Weeeeeell, I wouldn’t say that eunuchs were always associated with purity or with being men. Almost always, yes, but there was one big ancient world exception.
One of the tamer versions of the story of the goddess Cybele was that initially she had both male and female parts, but the gods cut off her male bits. These bits grew into a tree which impregnated a girl, and her son was Attis. Cybele fell in love with Attis and showed up at his wedding, and Attis went crazy and cut off his male bits, as did some of the male onlookers. (There are much much worse stories about Attis, though, where he’s an independent god. So this may be the Cybele religion taking over the Attis religion.)
The priests of the goddess Cybele (also called the Magna Mater) all had to castrate themselves publicly in order to join up. (On a holiday, in a crowd full of frenzy.) There were also Roman rumors that some priests didn’t join up voluntarily, but generally they did.
During most of Roman history, Roman citizens were either strictly prohibited to join up as priests, or were forbidden via a law forbidding castration. This created a situation where castration was regulated by Roman law, and in some provinces it was not permitted except by special permission of the governor. This came into play in Alexandria, when some over-enthusiastic Christian young man applied for permission under a literal interpretation of the “some castrate themselves” saying. (The governor said no.)

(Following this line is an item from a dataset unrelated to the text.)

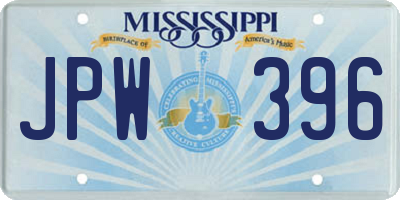 MS license plate JPW396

Later on, this Alexandrian story got associated with Origen, but that seems to be totally made up. (Especially since his shtick was anything but literal interpretation of Bible sayings. The entire Alexandrian School was like that. It was the guys over in Syria who were into literal and overly literal interpretation.)

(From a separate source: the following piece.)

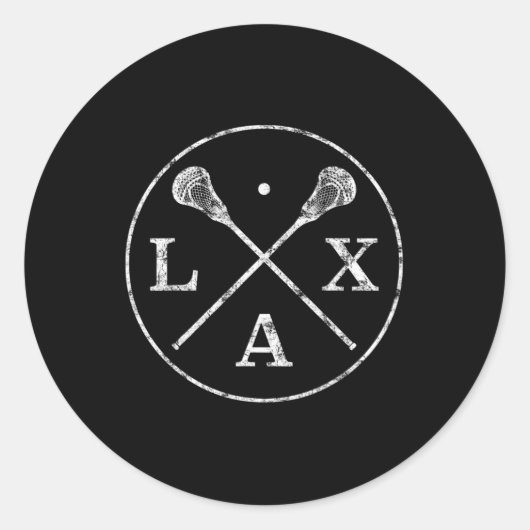 Lacrosse Sticks Emblem I T-shirt voor LAX-spelers  Ronde Sticker (Voorkant)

Anyway… the priests of Cybele notoriously also dressed up in women’s clothes and wore women’s hairstyles (albeit special priestly versions, not the styles of the day in the country where they lived). Basically the idea was either of total submission to their goddess by trying to become like her, or that Cybele really hated men and liked to see them sacrifice and suffer, or that the priests of Cybele were masochistic pain and dance junkies.) They would dance around with musical instruments, cut or beat themselves, and go into ecstasy (or frenzy). Priests of Atargatis, a similar ecstatic religion from the same area of the world, did similar things, although Atargatis was associated with a lot of worse things, like cannibalism.
(And that’s why the religion of Atargatis got banned at one point, just like the Druids. And those naughty Christians, of course, because everybody knows they eat flesh and drink blood.)
Anyway… I really don’t see the priests of Cybele as any kind of desirable role model. They were creepy, and people feared them. The growth of their religion was seen as a sign that a lot of the Roman Empire had bad psychological issues.